Hello tous,

J'avais prévu, ce soir, de vous faire un petit point sur la nouvelle série à suivre sur HBO, à savoir True Detective, qui associe les immenses Woody Harrelson et Matthew Mc Conaughey dans une sombre histoire dont , c'est promis, je vous relaterai les tenants et aboutissants dès le prochain post. Mais il se trouve que j'avais également entre mes mains une copie de l'intriguant documentaire Blackfish, qui se propose de faire un point sur le tragique "accident" qui s'est produit le 24 février 2010 dans l'enceinte du Seaworld d'Orlando. Une jeune dresseuse, Dawn Brancheau, y a trouvé la mort dans le bassin des orques. Le propos, soyons clairs, est militant : il s'agit non seulement d'expliquer comment les choses en sont arrivées là, mais aussi de servir de véritable réquisitoire contre le maintien en captivité de tels mammifères. Cela dit, la cause me semble valoir que l'on s'y arrête ici, afin d'en parler et de contribuer à donner à ce long métrage toute la visibilité qu'il mérite.

Le documentaire, réalisé par Gabriela Cowperthwaite, est de ces moments de cinéma qui vous retournent les tripes. L'on y est brutalement confronté à la mort de Dawn Brancheau. Et d'emblée, on écarte toute notion d'accident: c'est bien agrippée par Tilikum, un gigantesque épaulard, que la jeune femme a trouvé la mort. L'appel qui donne l'alerte est catégorique : le bras de la victime a été avalé par l'orque. Il est reproduit ici, sur fond noir, juste avant de laisser la place aux conditions ayant mené à la capture de l'animal. Car Tilikum n'est pas né en captivité, mais dans les fjords de l'est de l'Islande. C'est là qu'il est capturé, à l'âge de deux ans, par une équipe envoyée par le (défunt) parc canadien de Sea Land, en décembre 1981. Le mammifère ne rejoindra Seaworld qu'à la fermeture du parc canadien, en 1992.

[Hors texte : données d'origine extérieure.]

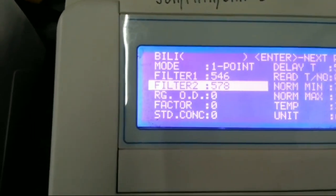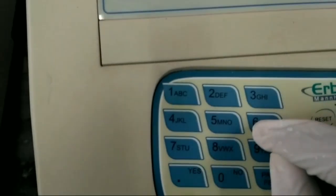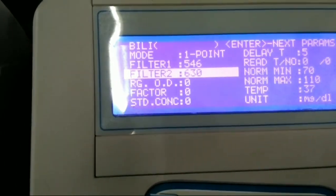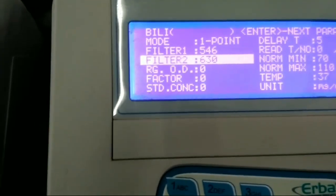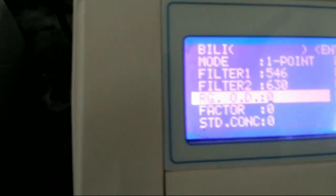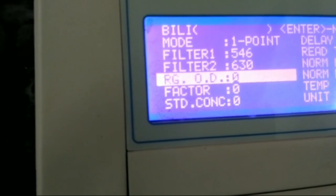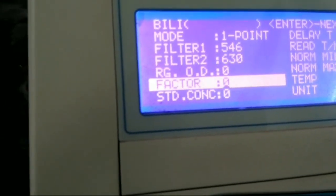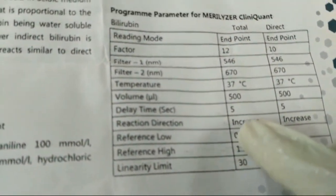The secondary filter options are 578 (switch number five) and 630 (switch number six), which is the highest filter in this machine, so no need to change it. After that, the reagent OD will be generated automatically whenever we aspirate the reagent.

Les conditions de la capture d'une orque sont illustrées d'images évocatrices, presque lisses, prises à l'occasion d'une opération menée dans la baie de Washington durant les années 1970. Mais elles sont entrecoupées avec le témoignage d'un homme, depuis repenti, qui a pris part à ces événements. Le contraste est saisissant, entre l'enthousiasme de la prise au moment des faits, et le sentiment de culpabilité ressenti par ce dernier. Car capturer un épaulard, c'est aussi se confronter, explique-t-il, à la nature extrêmement sociale et intelligente de l'animal. Ce qu'il raconte fait froid dans le dos : les mères tentent de protéger leurs petits, et poussent des cris déchirants en regardant, impuissantes à quelques mètres à peine de la scène, leurs petits disparaître. "J'étais en Amérique latine, en Amérique du sud, j'ai vu des choses que vous ne pouvez pas imaginer, dit-il, fondant en larmes. Mais je crois que ça, c'était le pire que j'ai fait".  Trois orques meurent, conclut-il, pris dans les filets. Ils seront "éventrés et lestés de pierre", pour ne pas troubler le plaisir de la capture... ou menacer les faramineuses perspectives de profit qui pointent à l'horizon.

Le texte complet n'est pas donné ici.